Liberal Democratic Party spokesmen insist that the Chinese government is stoking patriotism and anti-Japanese sentiment, while Korea has failed to properly digest its own history of collaboration with Imperial Japan. Events of recent months make clear that nationalism is not only seething in all three countries, but that it is frequently manipulated by the state. The Chinese government, struggling to deal with the massive social fallout from over two decades of breakneck capitalist growth, has repeatedly resorted to banging the nationalist drum to keep the country united, at the risk of alienating the Japanese capital, technology and markets it so desperately needs. Japan too is grappling with economic problems, and in a chilling echo of the 1930s, finds itself increasingly tugged rightwards by a neo-nationalist movement that wants to confront the Chinese threat both militarily and ideologically. “The Japanese government is inflaming opinion across Asia with these textbooks,” says Hasegawa Takashi, a teacher and anti-textbook campaigner in Tokyo. “If they really think Chinese communists are to blame why are they playing into their hands?”

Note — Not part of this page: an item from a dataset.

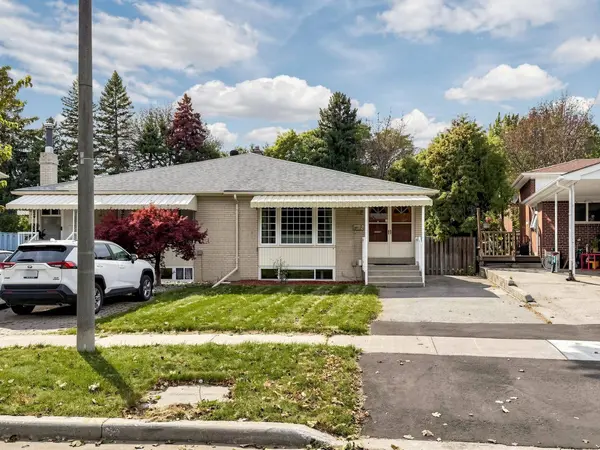 32 Cairnside CRES, Toronto C15, ON M2J 3M8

Tokyo hopes that red-hot trade with China, which grew by 17 percent last year, and growing economic and cultural links with Korea, will trump the fallout from its contentious views on history. But a clash of old nationalisms in the world’s most dynamic economic region cannot be good for business, as Japan’s corporations now recognize, indeed it threatens the peace and stability of the region. With Japan in the midst of territorial disputes with four of its neighbors—China, South Korea, Russia, and Taiwan—all with roots in the colonial past, the tensions will not soon ease.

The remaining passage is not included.